### Work task
Please give back the listing below word for word, without the images.

━━━ Material provided ━━━

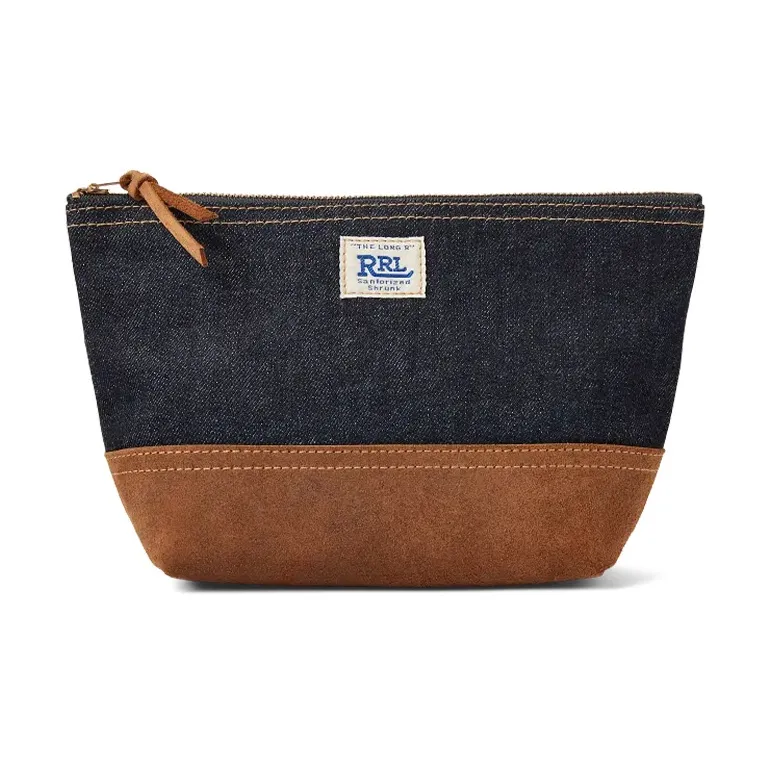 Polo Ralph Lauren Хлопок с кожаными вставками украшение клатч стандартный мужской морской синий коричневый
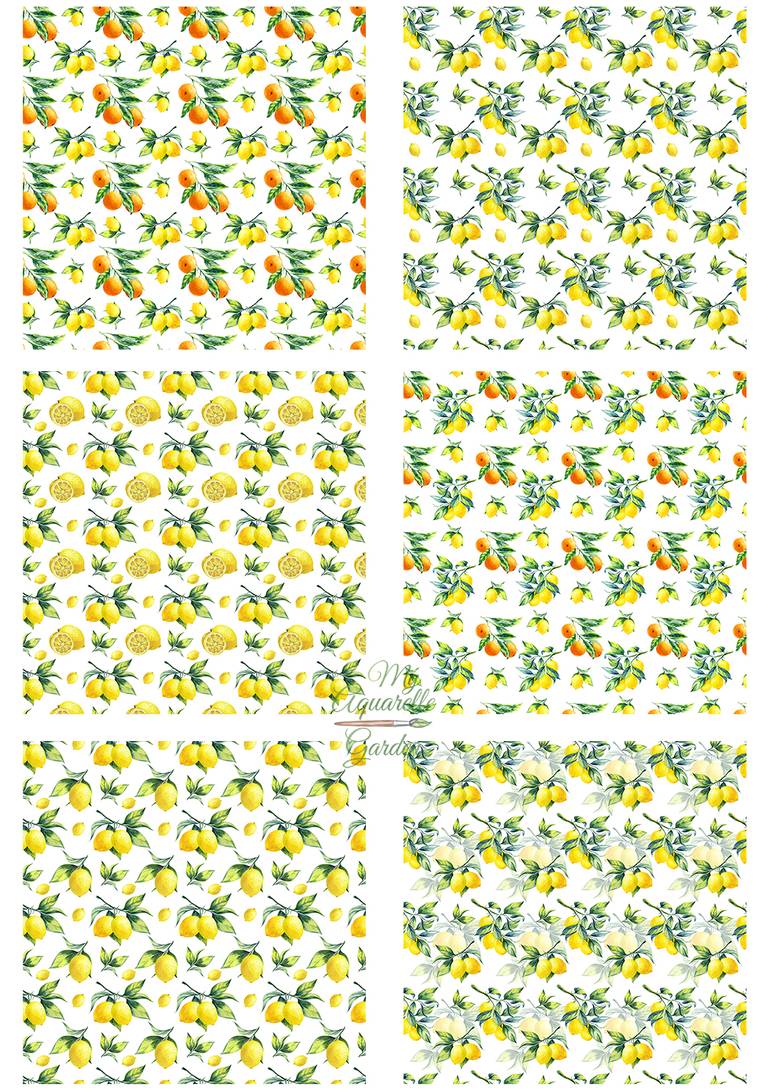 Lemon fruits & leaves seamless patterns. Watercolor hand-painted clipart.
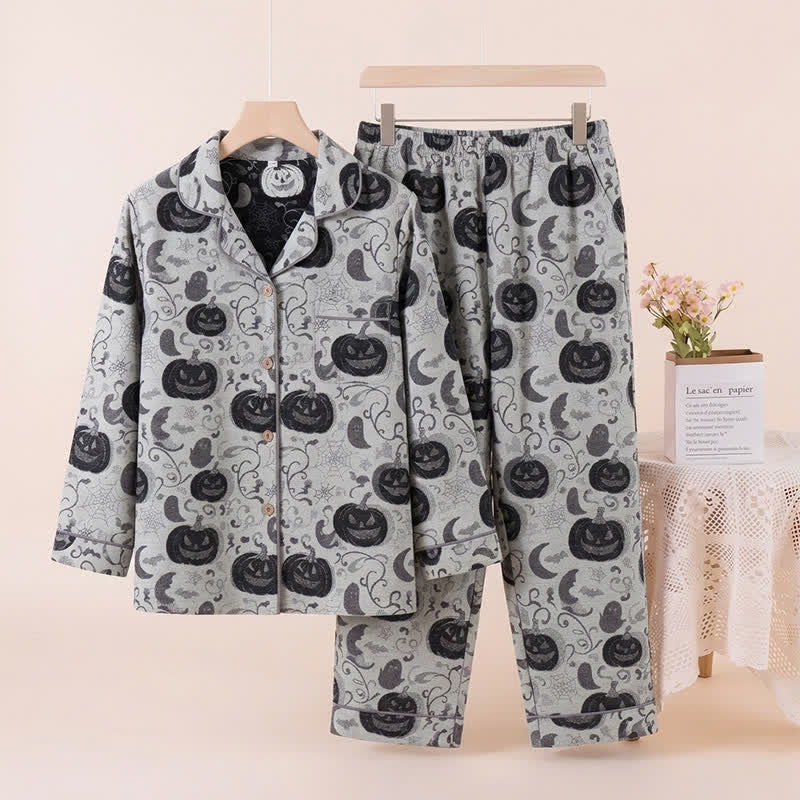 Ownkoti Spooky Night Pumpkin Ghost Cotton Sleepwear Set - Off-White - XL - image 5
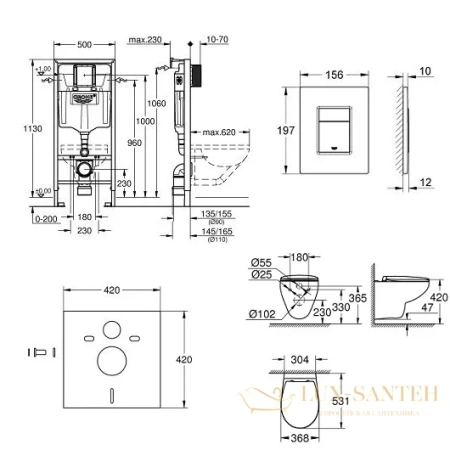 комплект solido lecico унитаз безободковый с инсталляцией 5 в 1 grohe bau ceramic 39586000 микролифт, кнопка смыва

━━━

### Exercise output
 Polo Ralph Lauren Хлопок с кожаными вставками украшение клатч стандартный мужской морской синий коричневый
 Lemon fruits & leaves seamless patterns. Watercolor hand-painted clipart.
 Ownkoti Spooky Night Pumpkin Ghost Cotton Sleepwear Set - Off-White - XL - image 5
 комплект solido lecico унитаз безободковый с инсталляцией 5 в 1 grohe bau ceramic 39586000 микролифт, кнопка смыва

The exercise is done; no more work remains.